高校の時にものすごく仲の良かった友達(もちろん今でも仲いいけど)の家の、屋根裏部屋で読んだ。その時間自体が夢っぽかった。
これを読んだ時は高野文子という作家(漫画家?)自体知らなくて、「こういうのも漫画のジャンルに含まれるのかぁ」というのが正直な感想。絵がとても洗練されていて可愛くて、とくに線が柔らかいのが好き。括りとしては漫画…で良いんだろうけど、イラスト本として飾っておきたい感じがある。

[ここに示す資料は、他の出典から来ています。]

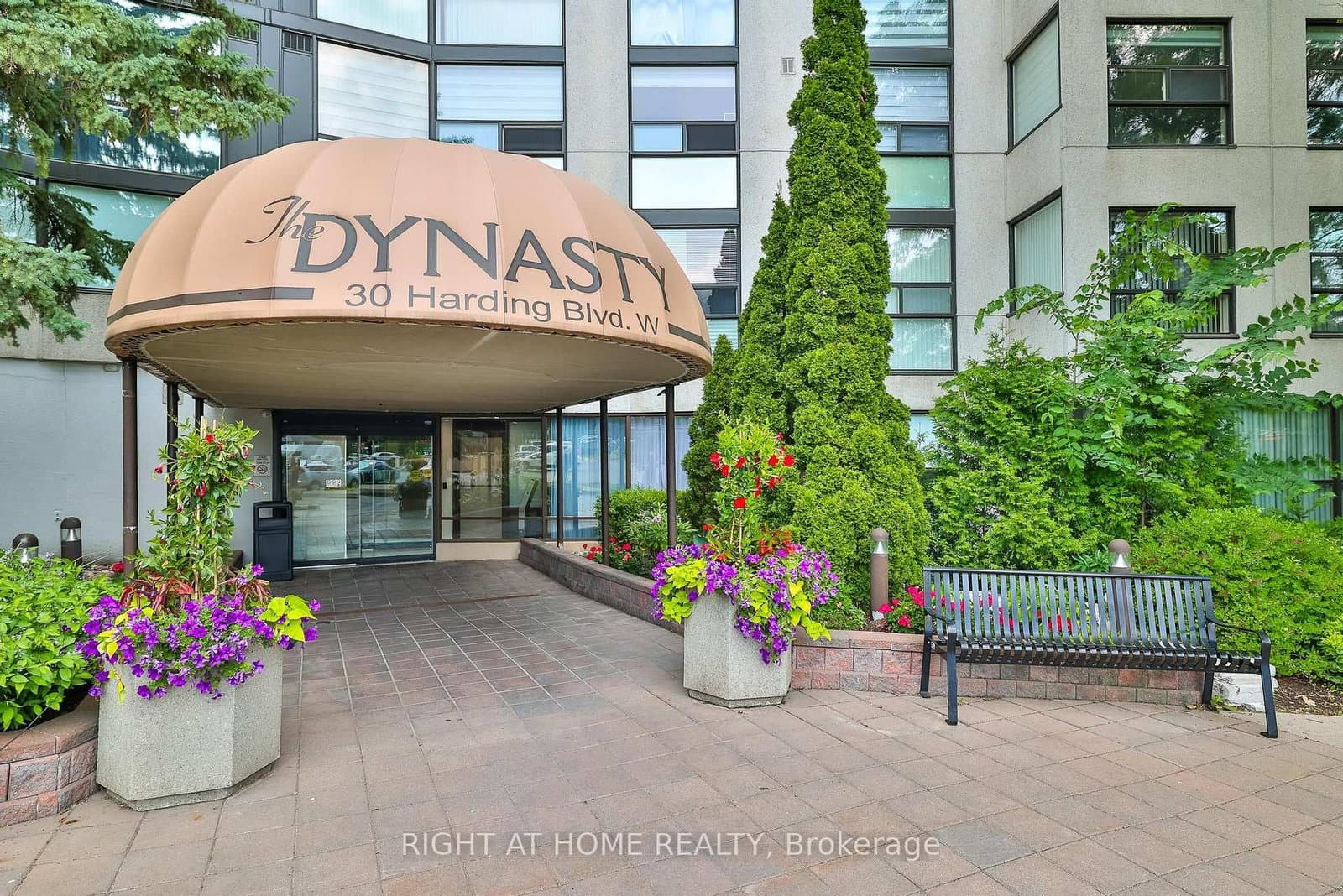 #802 - 30 Harding Boulevard W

中身は、短い作品が17編入っている。私がいちばんグッと来たのは「田辺のつる」。ぼけた82歳のおばあさんが、ちいさな少女の姿で描かれていて、話を通してすごみがある。あとは、女であることへの違和感、嫌悪感について描いてあるものが数編あったり、友達への複雑な感情とか、まあ、よくあるといえばよくあるテーマのものもある。でもいちいち、夏の昼下がりの透き通った感じとか、銭湯で湯気がもあもあして人の輪郭があいまいになっていく感じ、17歳のときくらいのぽっかりした気持ち、ソーダ水の懐かしさとか、細かいところがすごく良いので何回も見返したくなる。表題作の「絶対安全剃刀」については、特に好きではなかった。うーん。これは電子書籍になっていないし、どちらかというと本として持っておきたいので、買おうか迷っている。